Segment Start: Data shown
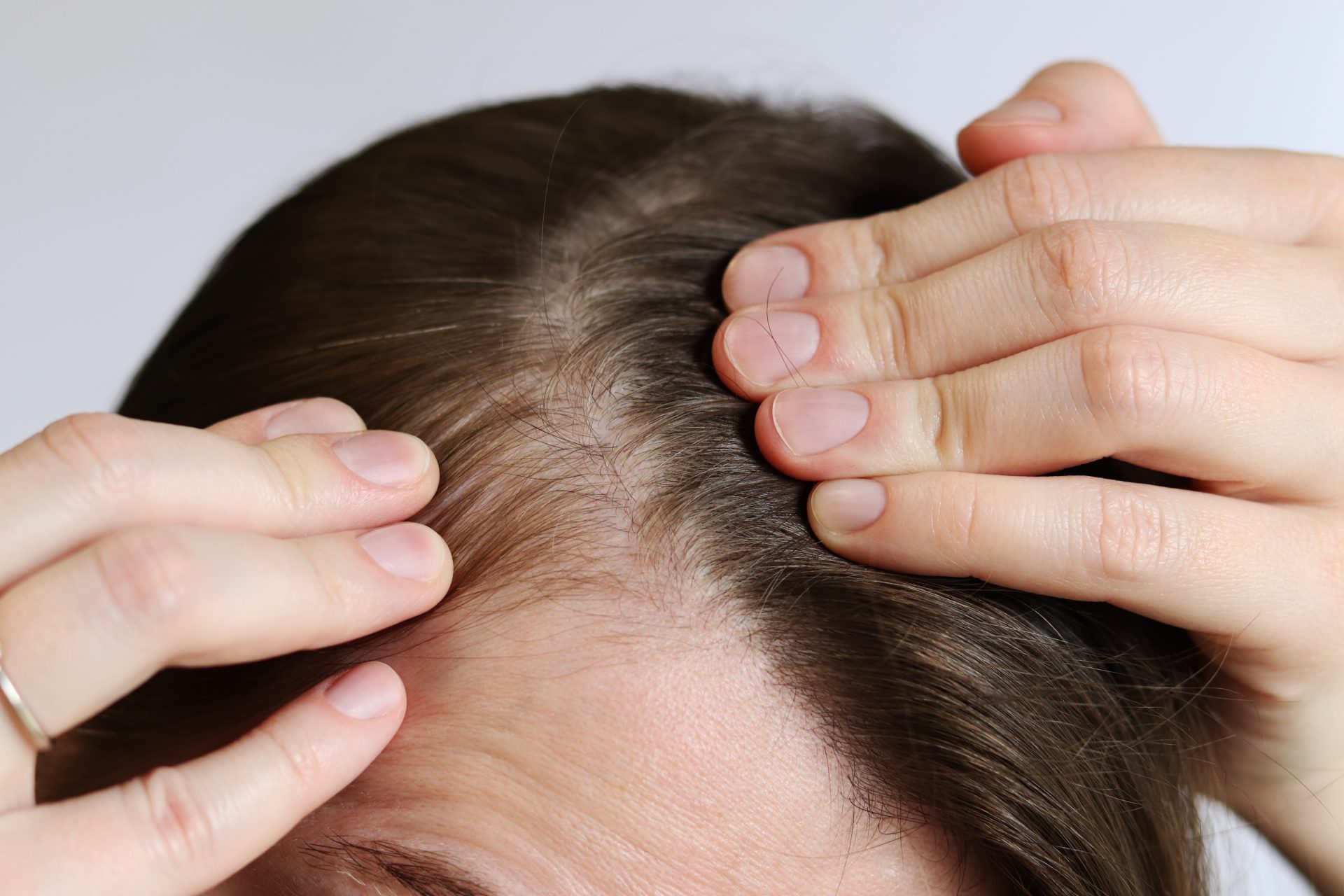 donna controlla diradamento capelli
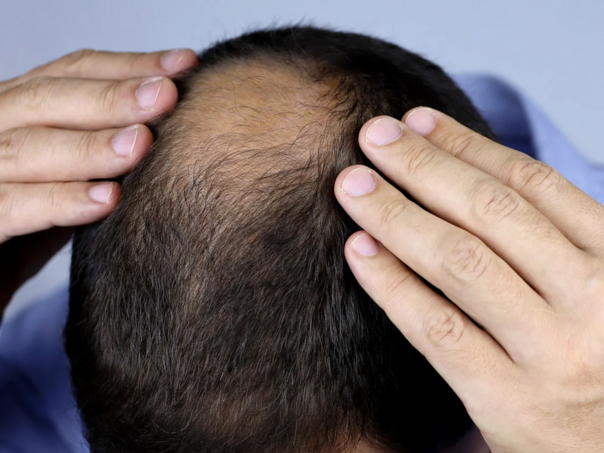 Revolucija: Lijek za opadanje kose bliže nego ikad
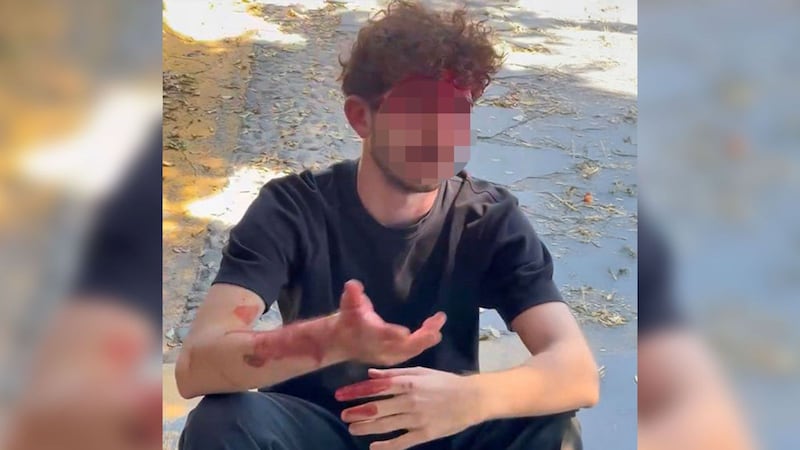 ¿Qué sabemos del joven italiano que fue golpeado durante funeral del ‘Mencho’?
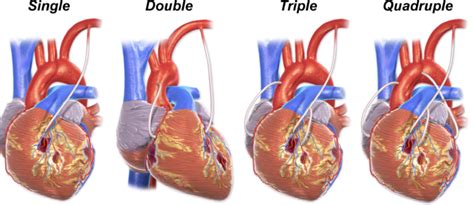 triple bypass surgery - Zollatry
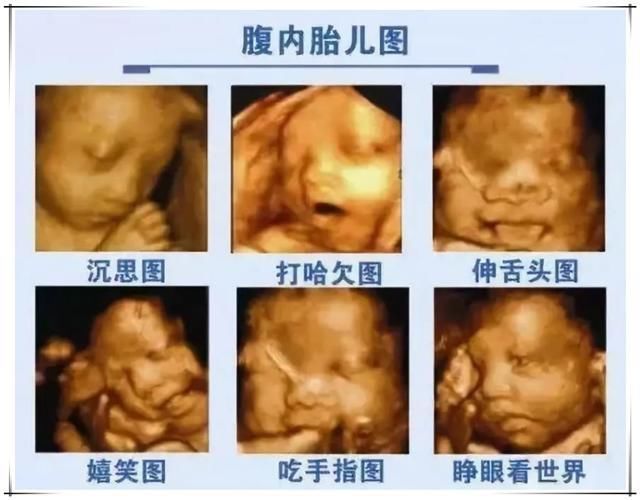 妈妈|胎宝在做四维时“好害羞”，折腾人还“白花钱”，怎样才会露脸？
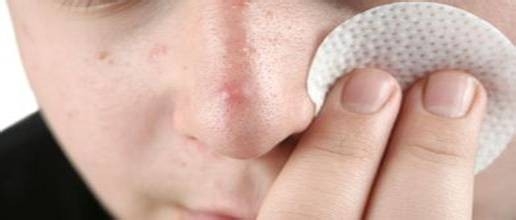 教你挤痘如何不留疤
Segment End: Data shown
### What you are asked to do
Would you please write out the entries in full, exactly as they read, but without pictures?

### Solved problem
 donna controlla diradamento capelli
 Revolucija: Lijek za opadanje kose bliže nego ikad
 ¿Qué sabemos del joven italiano que fue golpeado durante funeral del ‘Mencho’?
 triple bypass surgery - Zollatry
 妈妈|胎宝在做四维时“好害羞”，折腾人还“白花钱”，怎样才会露脸？
 教你挤痘如何不留疤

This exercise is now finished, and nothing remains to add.